A LRF (Lei de Responsabilidade Fiscal, lei complementar 101, de quatro de maio
de 2000) contempla a urgência das necessidades impostas por eventual hecatombe,
regulamentando condutas em face de calamidade pública. Relaxa os procedimentos
de controle e suspende limites orçamentários, resultados fiscais previstos na
LOA e permite a realocação de recursos, entre outras medidas. A grave situação
criada pelo coronavirus impõe, muito claramente, a necessidade de decretação do
estado de calamidade pública. O Executivo solicitou e o Congresso aprovou a medida,
até então inédita no âmbito da União. Estados e municípios, com fundadas
razões, estão adotando ou já adotaram providência idêntica, sem que tenham
demonstrado a necessidade, como se a pandemia atingisse simultaneamente e nas
mesmas proporções todos os 5.570 municípios brasileiros.
O
Congresso está se mostrando pródigo em medidas assistenciais. Inúmeros projetos
estão sendo apresentados criando ou majorando novos e velhos benefícios. O
reconhecimento de situações graves, somado a necessária adoção de providências
antes que o cataclisma se configure podem justificar as medidas preventivas do
estado de calamidade, inclusive em municípios que ainda não foram atingidos.
Pedidos de socorro financeiro, partindo dos estados e dirigidos à União, estão
se multiplicando. Não esqueçamos, todavia, que a maioria dos estados já se
encontrava em situação de calamidade financeira antes da pandemia. Municípios,
em sua maioria, são financeiramente inviáveis. A LRF e a LOA, diante da grave
situação, têm os seus controles relacionados. Não é exagero, porém, pensar que
o Macunaíma vai se aproveitar disso para agir, sem medo da Lava Jato, sem medo
da imprensa que está inteiramente voltada para o vírus.
Tristes trópicos, como
diria Claude Lévi-Strauss (1908 – 2009). Não se trata de discutir a gravidade
da situação; nem transformar um problema de natureza técnica em problema
político. Tampouco de recusar os procedimentos excepcionais da condição legal
definida como calamidade pública.
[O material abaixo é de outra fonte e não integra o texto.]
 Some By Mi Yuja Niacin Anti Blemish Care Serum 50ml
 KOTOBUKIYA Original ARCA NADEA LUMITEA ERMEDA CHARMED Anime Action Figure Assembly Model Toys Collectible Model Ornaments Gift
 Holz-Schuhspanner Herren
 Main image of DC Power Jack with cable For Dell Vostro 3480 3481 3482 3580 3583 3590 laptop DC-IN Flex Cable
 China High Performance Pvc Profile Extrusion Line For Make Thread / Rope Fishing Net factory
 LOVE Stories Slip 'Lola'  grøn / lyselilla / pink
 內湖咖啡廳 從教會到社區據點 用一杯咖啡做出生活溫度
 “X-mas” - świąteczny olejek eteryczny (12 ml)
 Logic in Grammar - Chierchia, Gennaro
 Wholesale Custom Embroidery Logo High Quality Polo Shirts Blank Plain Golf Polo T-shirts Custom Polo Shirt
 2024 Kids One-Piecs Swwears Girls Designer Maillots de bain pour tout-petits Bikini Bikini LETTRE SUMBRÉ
A vigilância do Tribunal de Contas da União,
da Controladoria Geralda União não poderia ser exercida plenamente, submetendo
providências urgentes ao compasso burocrático de rotina. Os parlamentos dos
diversos entes federativos, porém, podem fiscalizar sem retardar o andamento
administrativo das providências necessárias. Registre-se, finalmente, que os
órgãos de imprensa devem preencher a lacuna deixada pelo afrouxamento dos
controles necessários ao enfrentamento da crise.
Fortaleza, 9/4/20.
Rui Martinho Rodrigues.
Publicado no blog da
ACLJ e no focus.jor.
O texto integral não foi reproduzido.